11 In Hem, in Welken wij ook een erfdeel geworden zijn, wij, die te voren verordineerd waren naar het voornemen Desgenen, Die alle dingen werkt naar den raad van Zijn wil;
Nele também fomos feitos herança, havendo sido predestinados conforme o propósito daquele que faz todas as coisas segundo o conselho da sua vontade,
12 Opdat wij zouden zijn tot prijs Zijner heerlijkheid, wij, die eerst in Christus gehoopt hebben.
para que fôssemos para louvor da sua glória, nós os que primeiro esperamos em Cristo.
13 In Welken ook gij zijt, nadat gij het woord der waarheid, namelijk het Evangelie uwer zaligheid gehoord hebt; in Welken gij ook, nadat gij geloofd hebt, zijt verzegeld geworden met den Heiligen Geest der belofte;
E também vós, depois que ouvistes a palavra da verdade, o evangelho da vossa salvação, e nele crestes, nele fostes selados com o Espírito Santo da promessa,
14 Die het onderpand is van onze erfenis, tot de verkregene verlossing, tot prijs Zijner heerlijkheid.
que é a garantia da nossa herança, até a libertação da propriedade [de Deus], para louvor da sua glória.
15 Daarom ook ik, gehoord hebbende het geloof in den Heere Jezus, dat onder u is, en de liefde tot al de heiligen,
Por isso eu, desde que ouvi da fé que há entre vós no Senhor Jesus, e do amor a todos os santos,
16 Houde niet op voor u te danken, gedenkende uwer in mijn gebeden;
não paro de agradecer [a Deus] por vós, lembrando-me em minhas orações.

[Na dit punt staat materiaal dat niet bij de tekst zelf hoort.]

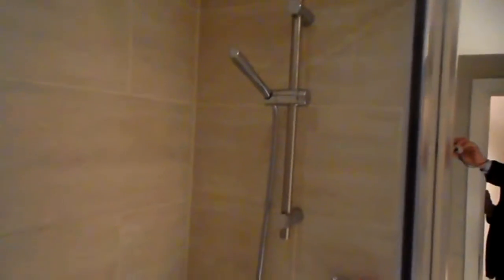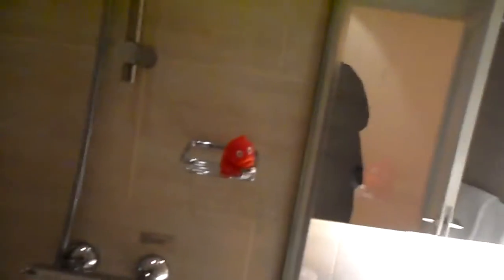One of my pet hates — no bath. Nice shower, however. To be fair, you do get a rubber duck.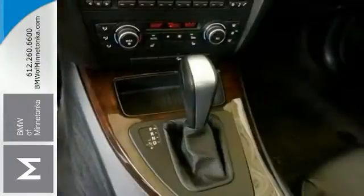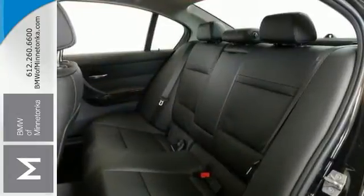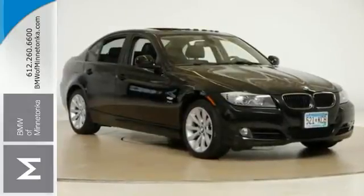This BMW certified luxury vehicle has it all, from a posh interior to a wealth of superb features. And if you want a cream puff with style, this is definitely it. Come see this BMW today.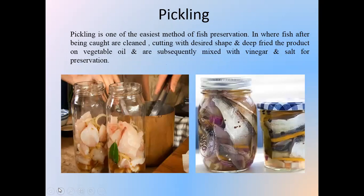Pickling is one of the easiest methods of fish preservation. Fish, after being caught and cleaned, is cut into the desired shape, deep fried in vegetable oil, and subsequently mixed with vinegar and salt for preservation.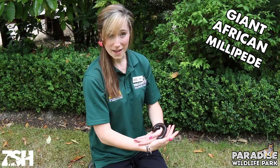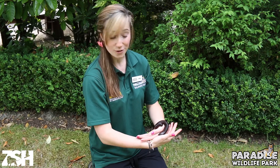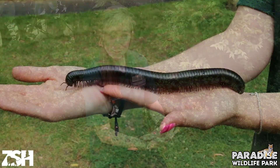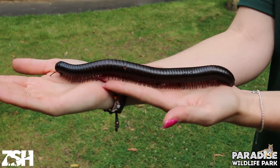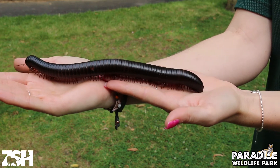This is a giant African millipede, the largest of the 10,000 different species of millipede found across the world. They are vital to tropical ecosystems for their role in decomposing vegetation and cycling nutrients back into the soil.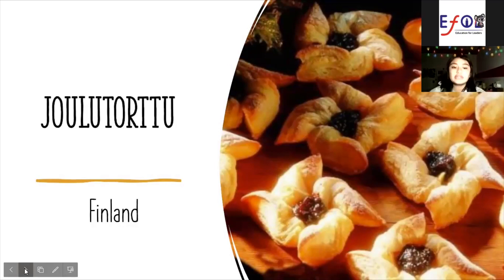England Joglu Tortu. A Joglu Tortu is a Finnish Christmas pastry. It is traditionally made from puff pastry in the shape of a star or pinwheels and filled with prune jam and dusted with icing sugar.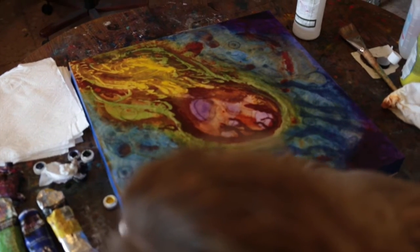It's an incredible process. I do have a website, norafabergallery.com, and Facebook is where I post the most.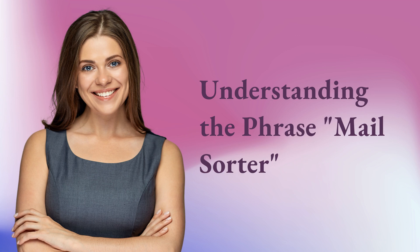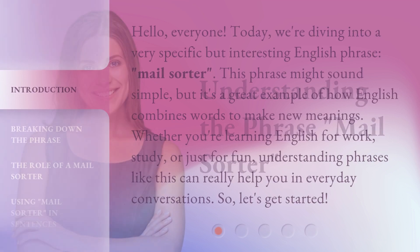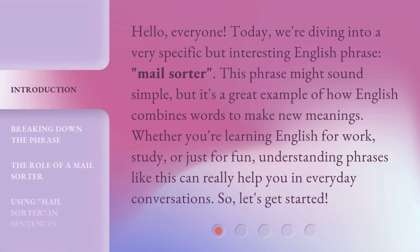Understanding the phrase 'mail sorter.' Hello, everyone. Today we're diving into a very specific but interesting English phrase: mail sorter. This phrase might sound simple, but it's a great example of how English combines words to make new meanings.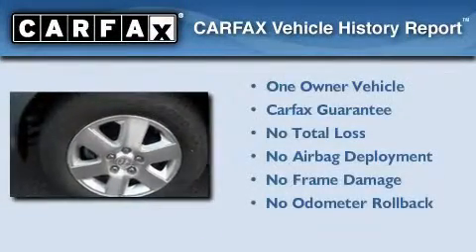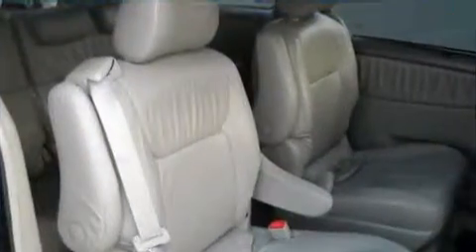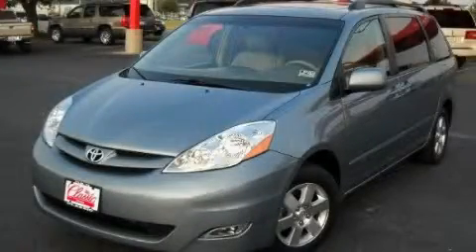This minivan has had only one owner, and it qualifies for the Carfax Buy-Back Guarantee. Please call us today for more information on this great vehicle.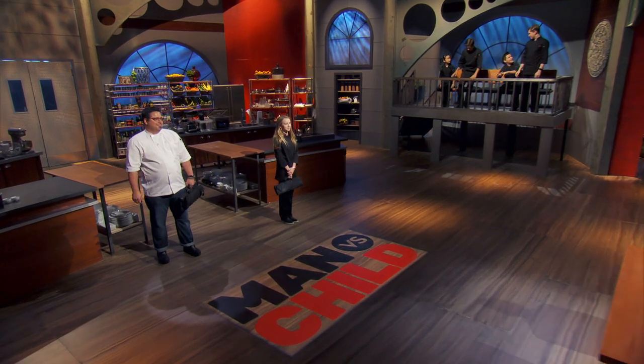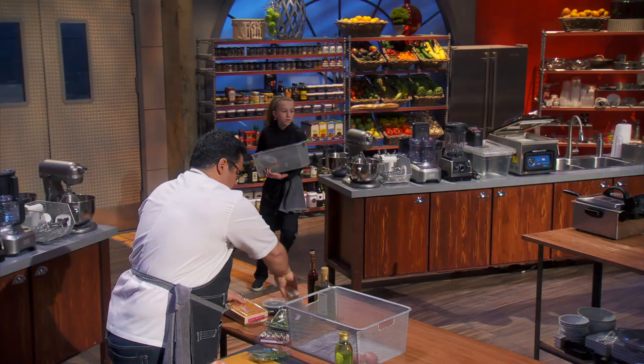Your challenge today is to simply amuse our judges. You're going to demonstrate that all it takes is one bite to win. You'll be creating an amuse-bouche. This one bite has to incorporate your style. It's got to be flavorful, fun, and vibrant.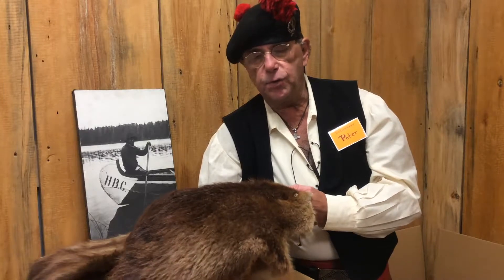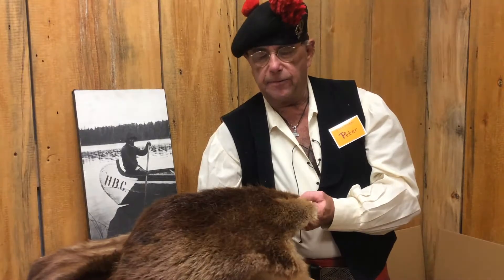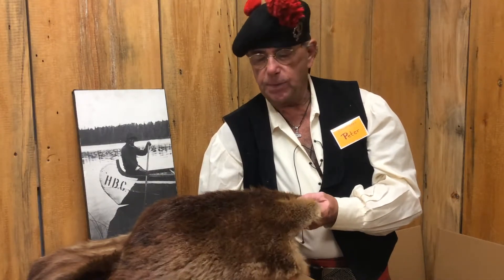What they would do is that they would use the furs in making men's hats. Men's hats were very fashionable in Europe at the time, and so they would take the beaver furs, load them up in Montreal, and then ship them over to Europe where they were turned into hats.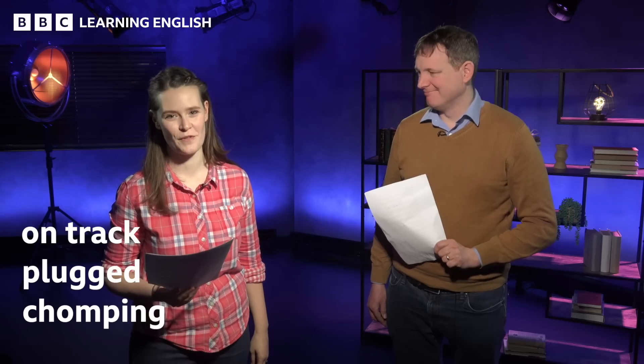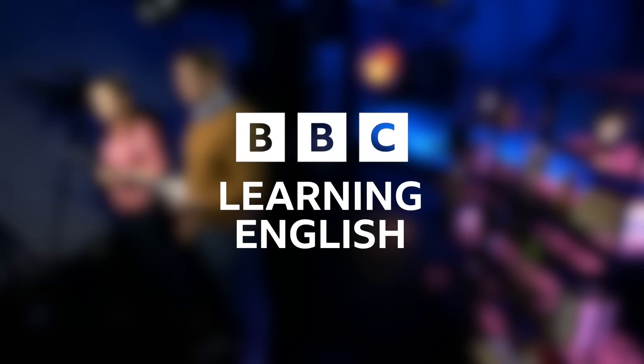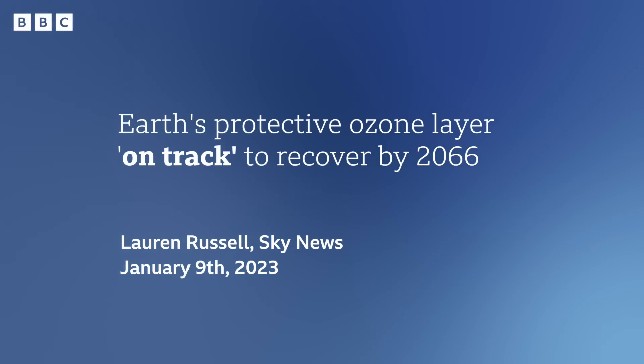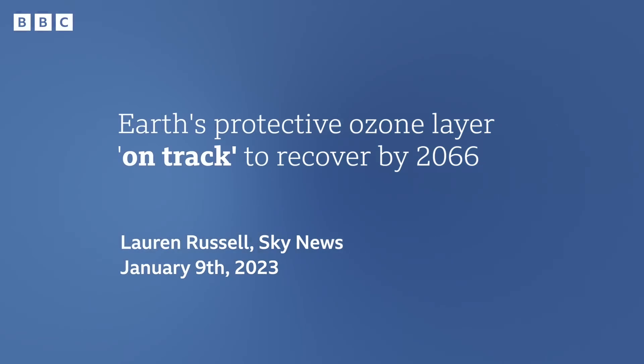You've been looking at the headlines. What's the vocabulary? We've got: on track, plugged, and chomping. Let's have a look at our first headline. This one is from Sky: 'Earth's protective ozone layer on track to recover by 2066.'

17 Opdat de God van onzen Heere Jezus Christus, de Vader der heerlijkheid, u geve den Geest der wijsheid en der openbaring in Zijn kennis;
[Oro] para que o Deus de nosso Senhor Jesus Cristo, o Pai glorioso, vos dê o Espírito de sabedoria e de revelação no conhecimento dele;
18 Namelijk verlichte ogen uws verstands, opdat gij moogt weten, welke zij de hoop van Zijn roeping, en welke de rijkdom zij der heerlijkheid van Zijn erfenis in de heiligen;
e que sejam iluminados os olhos do vosso coração, para que conheçais qual é a esperança para a qual ele chamou, quais [são] as riquezas da gloriosa herança dele nos santos,
19 En welke de uitnemende grootheid Zijner kracht zij aan ons, die geloven, naar de werking der sterkte Zijner macht,
e qual é a superabundante grandeza do seu poder para nós, que cremos, conforme a operação da sua poderosa força,
20 Die Hij gewrocht heeft in Christus, als Hij Hem uit de doden heeft opgewekt; en heeft Hem gezet tot Zijn rechter hand in den hemel;
a qual ele operou em Cristo, ressuscitando-o dos mortos; e o colocou à direita dele nos céus,
21 Verre boven alle overheid, en macht, en kracht, en heerschappij, en allen naam, die genaamd wordt, niet alleen in deze wereld, maar ook in de toekomende; (aiōn )
acima de todo governo, autoridade, poder, domínio, e de todo nome que se nomeia, não só nesta era, mas também na futura. (aiōn )
22 En heeft alle dingen Zijn voeten onderworpen, en heeft Hem der Gemeente gegeven tot een Hoofd boven alle dingen;
Ele também sujeitou todas as coisas debaixo dos seus pés, e o constituiu por cabeça sobre todas as coisas para a Igreja,
23 Welke Zijn lichaam is, en de vervulling Desgenen, Die alles in allen vervult.
que é o seu corpo, a plenitude daquele que enche tudo em todas as coisas.